The series overspent the budget, with each episode costing more than $1.78 million. As a result, the first two seasons, which were originally planned to have eight episodes each, were shortened to six episodes.

On January 16, 2018, a crew member of the art team died due to overwork. On March 14, 2019, it was confirmed that in the midst of filming the second season, a staff member in the production team died after a car accident. On January 7, 2021, a castle on the filming set of Kingdom: Ashin of the North caught fire as a staff member attempted to melt the snow using a torch lamp. Parts of the castle were destroyed in the process of extinguishing the fire, and there were no resulting injuries.

Writing

Screenwriter Kim Eun-hee began thinking about the story behind the series in 2011, wanting to reflect the fears and anxiety of modern times through the lens of the historical Joseon period. Originally, the creator thought it would be difficult to portray the story in a television series format, and instead created the webcomic The Kingdom of the Gods alongside illustrator Yang Kyung-il in 2014. While the series is adapted from the webcomic, they do not share much commonality other than their basic concepts.

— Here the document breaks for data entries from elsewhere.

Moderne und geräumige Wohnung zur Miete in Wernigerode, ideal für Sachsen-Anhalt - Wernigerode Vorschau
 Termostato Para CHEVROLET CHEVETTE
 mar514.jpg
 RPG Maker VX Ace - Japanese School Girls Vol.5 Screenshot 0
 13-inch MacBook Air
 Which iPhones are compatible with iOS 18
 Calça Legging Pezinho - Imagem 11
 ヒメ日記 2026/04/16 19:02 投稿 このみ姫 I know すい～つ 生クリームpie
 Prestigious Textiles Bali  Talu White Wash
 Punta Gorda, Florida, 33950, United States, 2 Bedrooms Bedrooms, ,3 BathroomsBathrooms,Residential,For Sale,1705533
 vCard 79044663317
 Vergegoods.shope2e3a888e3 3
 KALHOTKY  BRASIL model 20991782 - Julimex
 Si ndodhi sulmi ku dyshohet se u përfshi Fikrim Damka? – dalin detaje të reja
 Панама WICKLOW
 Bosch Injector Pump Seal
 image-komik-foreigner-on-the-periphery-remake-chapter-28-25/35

Whilst working on television series, Phantom and Signal, Eun-hee continued to work on the project but encountered challenges in writing a period piece and securing investments for the project. Born out of an interest to explore opportunities for writing in a diverse range of genres and not limited by conventional choices in storytelling and censorship in publicly broadcast K-dramas, Eun-hee credited the success of Train to Busan, as the turning point for the revitalization of the interest in zombie films in the Korean media space.

In an online interview, Eun-hee stated that politics is integrated to the core of the series, noting that "It's about what politics is. Flawed politics created resentment, and there will be a consequence of gaining the plant that brings dead people to life". She added that the political environment drives many of the decisions, and propels the actions of characters in their journey, highlighting that "If we go deeper and deeper, it all boils down to politics. The pain that comes from politics, the price we have to pay for pain, they are the message that penetrates the series." Eun-hee further spoke about the importance of blending those genres and particularly focusing on the examination of the political elements covered in the series, citing that "politics and the living dead are not separate, but they rather come together as one." Adding to that, Eun-hee commented about the nature of politics, and its role in shaping the world of Kingdom. The series’ portrayal of political dynamics of corruption and power highlights the disparity of growing concerns against the bourgeoise, suffering in the midst of a plague. Speaking on the conceptualization of the plague, the creator argued its role in the narrative is to serve as a reflection of the corruption, greed, inequity and injustice committed by the ruling class, using it as a camouflage to usurp the political power to maintain influence in the Kingdom of Joseon.

Eun-hee stated in an interview that she wanted to depict several themes through the use of various narrative devices in the series. She later explained that the theme of the first season was "to tell a story about hunger." Eun-hee further added that she wanted to "portray people who were mistreated by those in power struggling with starvation and poverty through the monsters". Shifting to the second season, the theme of blood was explored to "tell a story about monsters who crave blood and humans who desire a particular bloodline and lineage." Later, Eun-hee noted that a future season of Kingdom will dabble in the exploration of resentment as a theme for the basis of the new story to be told.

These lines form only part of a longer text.